A half century later, there is measurable and documented progress. While Denise McNair was denied her dream, an 8 year old friend of hers achieved what would have then been thought impossible. She became Provost of Stanford University, National Security Adviser, and eventually, Condoleezza Rice became America’s face to the diplomatic world as Secretary of State.
There is opportunity for people of color that did not exist 50 years ago. Voting rights are not only available in theory, but according to CNN, African Americans voted in larger percentages during the 2012 election than their white counterparts, 66% to 64.1% respectively.
Where there remains significant room for improvement, however, is recognizing the opportunity that exists in theory needs continued attention to exist in reality. Economic mobility is now possible for those prepared to embrace the challenges that come along that path. But too many Americans – including a high concentration of people of color – have languished during fifty years of Great Society programs locked in neighborhoods of poverty.
The common denominator for those who will spend their lives at the bottom of America’s economic scale is no longer skin color but a failing education system in our poorest neighborhoods. And yet, students in these school systems too often face an education bureaucracy that has given up on those who they are charged with preparing to overcome their surroundings. One teacher implicated in Atlanta’s recent school testing scandal justified her actions with “I had to give them the answers. Those kids were dumb as hell.”
The problem is not simply one of money. After all, the City of Atlanta spends more per student than any system in Georgia. While there are bright spots, the system as a whole continues to produce too many students who are ill prepared to accept the challenge of America’s opportunity.
The children trapped in these failing schools remain there due to those fighting to protect the status quo from the left and indifference from the right. Too many on the left continue to ask for “more money” without being able to quantify “how much” or couple the requested additional investment with systemic change to bring about a different result. The battle seems to be to get others to write a bigger check and hope the problem goes away.
Too many on the right look at the problem from their suburban homes in good school districts and see the problem as one of local control – and thus not of their making.

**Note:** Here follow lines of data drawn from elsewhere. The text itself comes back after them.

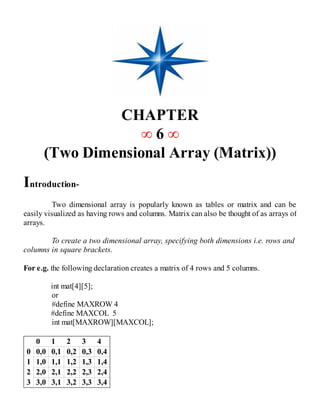 CHAPTER
∞ 6 ∞
(Two Dimensional Array (Matrix))
Introduction-
Two dimensional array is popularly known as tables or matrix and can be
easily visualized as having rows and columns. Matrix can also be thought of as arrays of
arrays.
To create a two dimensional array, specifying both dimensions i.e. rows and
columns in square brackets.
For e.g. the following declaration creates a matrix of 4 rows and 5 columns.
int mat[4][5];
or
#define MAXROW 4
#define MAXCOL 5
int mat[MAXROW][MAXCOL];
0 1 2 3 4
0 0,0 0,1 0,2 0,3 0,4
1 1,0 1,1 1,2 1,3 1,4
2 2,0 2,1 2,2 2,3 2,4
3 3,0 3,1 3,2 3,3 3,4
 
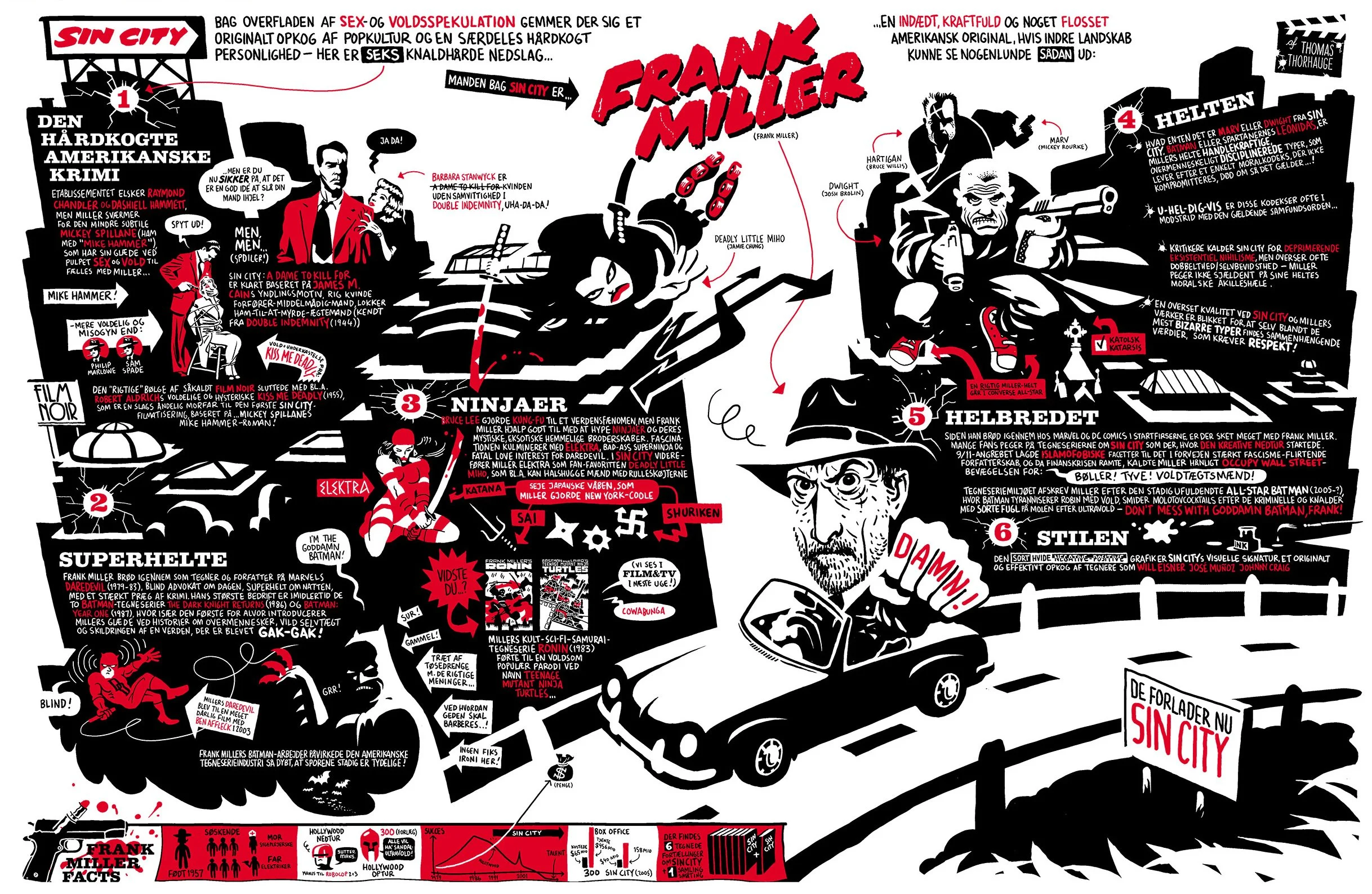 Frank Miller - Sin City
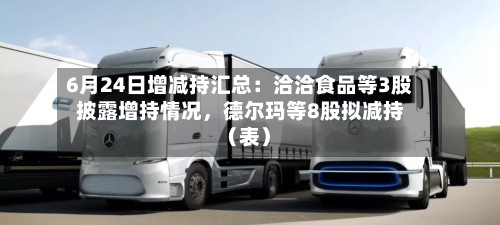 6月24日增减持汇总：洽洽食品等3股披露增持情况，德尔玛等8股拟减持（表）-第2张图片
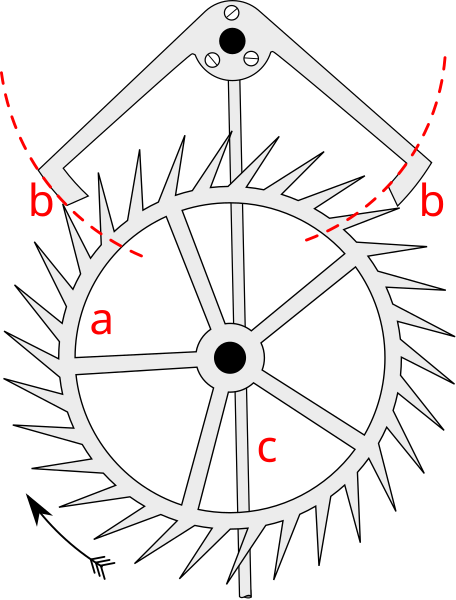 File:Graham Escapement.svg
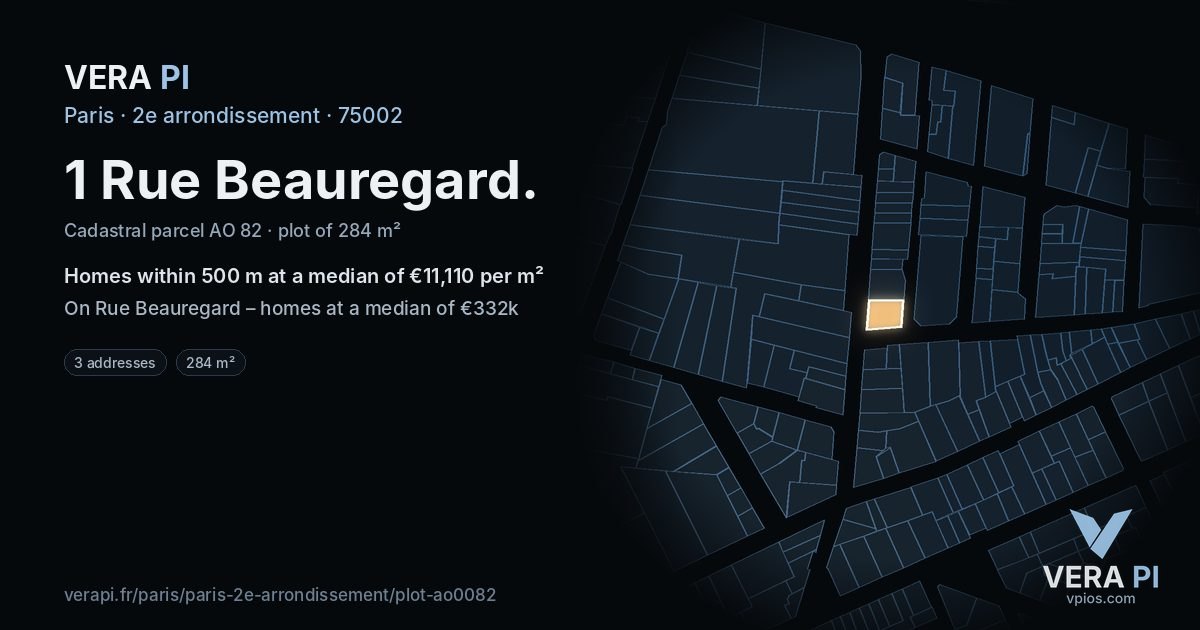 1 Rue Beauregard, 2e arrondissement at night – the plot lit, the parcels around coloured by the prices near them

It is a short sighted view that does not account for the long term problems created by perpetuating generations of poverty.
The results of Georgia’s 2012 Charter School Amendment demonstrate that those in the areas with the most troubled public school system understood the need for alternatives. Charter schools can be an effective solution to combat an entrenched education establishment that has given up and believes giving out test answers is easier than educating.
At the same time, those from traditionally white affluent suburbs who are searching for ways to reach out to minority groups cannot sit on their hands in silence when a Dr. Ben Carson tells them that this is a problem which we co-own. The reality is that poor areas do not have the same tax base as wealthy ones, and that it will cost more to educate a student who does not come to a public school prepared to learn or with the home situation conducive to educational advancement. Republicans can no longer be viewed as indifferent to these facts if they are to make electoral progress in these areas.
If we are to improve the dream over the next 50 years, we will have to take a long, honest look at ensuring economic mobility for all. This must start with ensuring that all Americans, regardless of the economic circumstances which they are born into, have access to a quality education.